Ich finde es zwar mutig, dass Ai eine Ausstellung in Dänemark vorzeitig beendet hat, als dort die Verschärfung des Asylgesetzes verabschiedet
wurde. Andererseits ist nicht einzusehen, dass ankommende
Flüchtlinge, die Wertgegenstände bei sich führen, nicht mit diesen Werten für
ihren Lebensunterhalt in dem Land, in dem sie ankommen, aufkommen sollen.
Vielleicht ist es nicht richtig, sie ihnen abzunehmen – allerdings sollten in
solchen Fällen keine staatlichen Unterstützungen geleistet werden. Die ganzen Geschichten sind eben extrem komplex und schwierig.

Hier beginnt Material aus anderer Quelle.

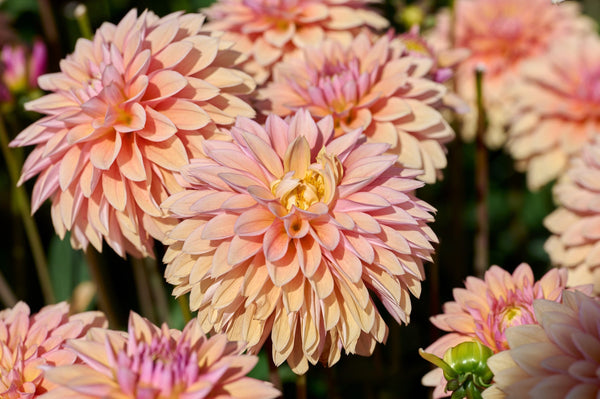 Watercolor Mix Dahlia Seeds
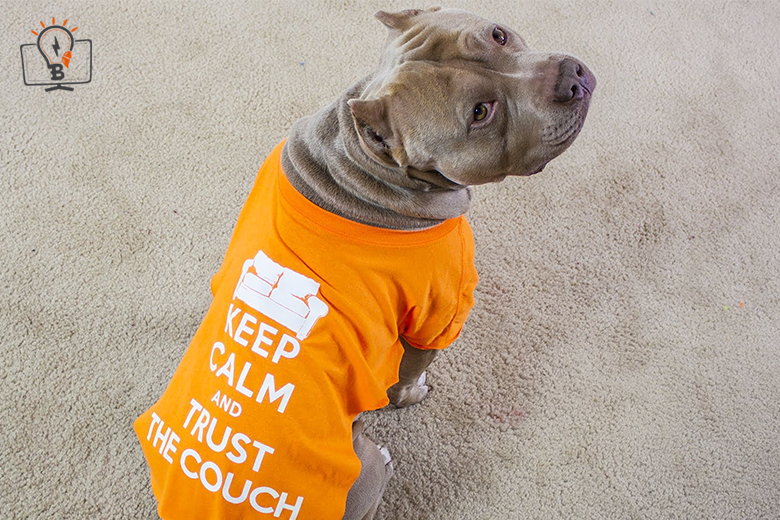 T-Shirt Design Software for Pets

Und natürlich ist Ai eine Art Flüchtling, denn er hat sein Land nicht gerade freiwillig verlassen. Wenn er auch ein Flüchtling ist, es materiell sehr gut geht. Nicht jeder Flüchtling vor Unrecht und Verfolgung
muss unbedingt mit einem Schlauchboot über das Mittelmeer nach Europa kommen. Selbstverständlich kann Ai sich als Flüchtling bezeichnen. Und natürlich hat er das
gute Recht, sich auch kritisch mit dem Land auseinanderzusetzen, in dem er
jetzt lebt. Bloß weil die Deutschen
nicht gerne den Spiegel vorgehalten bekommen, sollte man diejenigen, die den
Mut haben, das zu tun, nicht abschätzig verurteilen.
Wir brauchen
Menschen wie Ai, die ihren Mund aufmachen und Missstände anprangern. Und es
darf nicht angehen, dass wir solche Menschen nur lieben, wenn sie die
Missstände in anderen weitentfernten Weltregionen kritisieren und auch gerade dort dafür leiden müssen. Die Probleme, die die
Flüchtlingsströme im vergangenen Jahr nach Europa brachten, sind ja nicht
gelöst, selbst wenn wir im Moment wegen der geschlossenen Grenzen direkt bei
uns etwas weniger davon spüren.
Wie oft und wie lange wollen wir denn noch solche Bilder
gezeigt bekommen wie dieses, das letzte Woche gezeigt wurde?
(Weitere, nicht weniger unerfreuliche, sieht man hier. )
Da ist es richtig, dass Künstler/Aktivisten/Provokateure wie
Ai weiterbohren, weiter mit dem Finger in der Wunde bohren, weiter lästig
fallen.
Was tut denn ein jeder von uns dafür, um diese Missstände
abzubauen? Wenn wir alle etwas täten, müssten sich nicht Leute wie Ai WeiWei darum kümmern.